Felicity Myrone is Lead Curator of Western Prints and Drawings at the British Library. She joined the Library as Curator of Topography and led a project cataloguing and digitising George III’s maps and views, the King’s Topographical Collection and a related research project, Transforming Topography. One outcome of the latter is the British Library webspace, Picturing Places. She was awarded a 2019–20 Paul Mellon Centre Mid-career Fellowship for Art in the Library, investigating how the fused and intertwined institutional histories of the British Museum, Natural History Museum and British Library have shaped attitudes to prints and drawings. Her current project is writing a book with the support of a 2021 Getty Foundation Paper Project grant. This will be the first handbook/guide to the British Library’s prints and drawings in Printed Books, Manuscripts, Music and Maps.

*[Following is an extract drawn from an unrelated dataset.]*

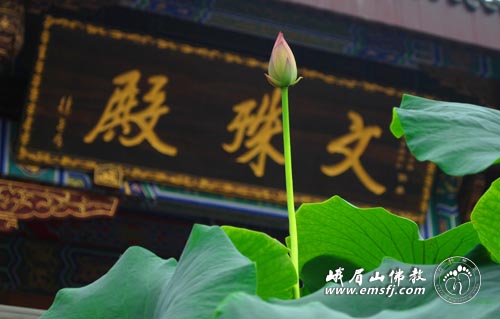 Chùm ảnh: Vẻ đẹp chốn bình yên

Sarah Moulden is Curator of 19th-Century Collections at the National Portrait Gallery. She completed her PhD at UEA in 2016 on the art and career of John Sell Cotman, focusing on how he attempted to construct a career in a fiercely competitive and congested art world. More broadly, it explored how we might now rethink the relationship between art and lived experience, and scrutinised the monographic form. The project involved working with Norwich Castle Museum and Art Gallery where she curated the exhibition Almost too daring for an individual: John Sell Cotman's One-man Show (2015–16). Formerly, Sarah was a curator at English Heritage, Dulwich Picture Gallery and again at the NPG.
Eleanore Neumann is a doctoral candidate in art and architectural history at the University of Virginia. Her research focuses on the imbrication of landscape, gender and empire in British art and visual culture of the late eighteenth and early nineteenth centuries. In her dissertation, she examines the visual and verbal landscapes produced by the British artist and author Maria Graham (1785–1842) as she travelled globally in the early nineteenth century. Neumann trained as a curatorial fellow in the Department of Prints and Drawings at the Philadelphia Museum of Art where she curated the exhibition Breaking Ground: Printmaking in the U.S., 1940–1960. She is the recipient of a Junior Fellowship from the Paul Mellon Centre for Studies in British Art, a Huntington Library Travel Grant and an RBS-UVA Fellowship at the Rare Book School, among others. Presently, she is collaborating with the Kluge-Ruhe Aboriginal Art Collection and Buku-Larrnggay Mulka Center on a digital StoryMap for the international exhibition Madayin: Eight Decades of Aboriginal Australian Bark Painting from Yirrkala.
Alisa Bunbury is the Grimwade Collection Curator at the Ian Potter Museum of Art, The University of Melbourne. Previously she was Curator of Prints and Drawings at the National Gallery of Victoria, Melbourne (2002–2017) and at the Art Gallery of South Australia, Adelaide (1999–2002). She has curated numerous exhibitions, including as lead curator of Colony: Australia 1770–1861 (National Gallery of Victoria, 2018) and has written widely, most recently as editor of, and principal contributor to, the major publication Pride of Place: Exploring the Grimwade Collection (The Miegunyah Press, 2020). Earlier this year she completed a National Library of Australia Curatorial Fellowship researching the early art of Norfolk Island which was settled six weeks after Sydney to become Britain’s second penal settlement in the Pacific.
Douglas Fordham is a Professor at the University of Virginia. He is interested in the relationship between art, media and the British Empire, including his most recent publication, Aquatint Worlds: Travel, Print and Empire, 1770–1820 (PMC, 2019). As a PMC Senior Fellow, he is working on a project titled, ‘Aboriginal Printmaking and the Bureaucratic State’.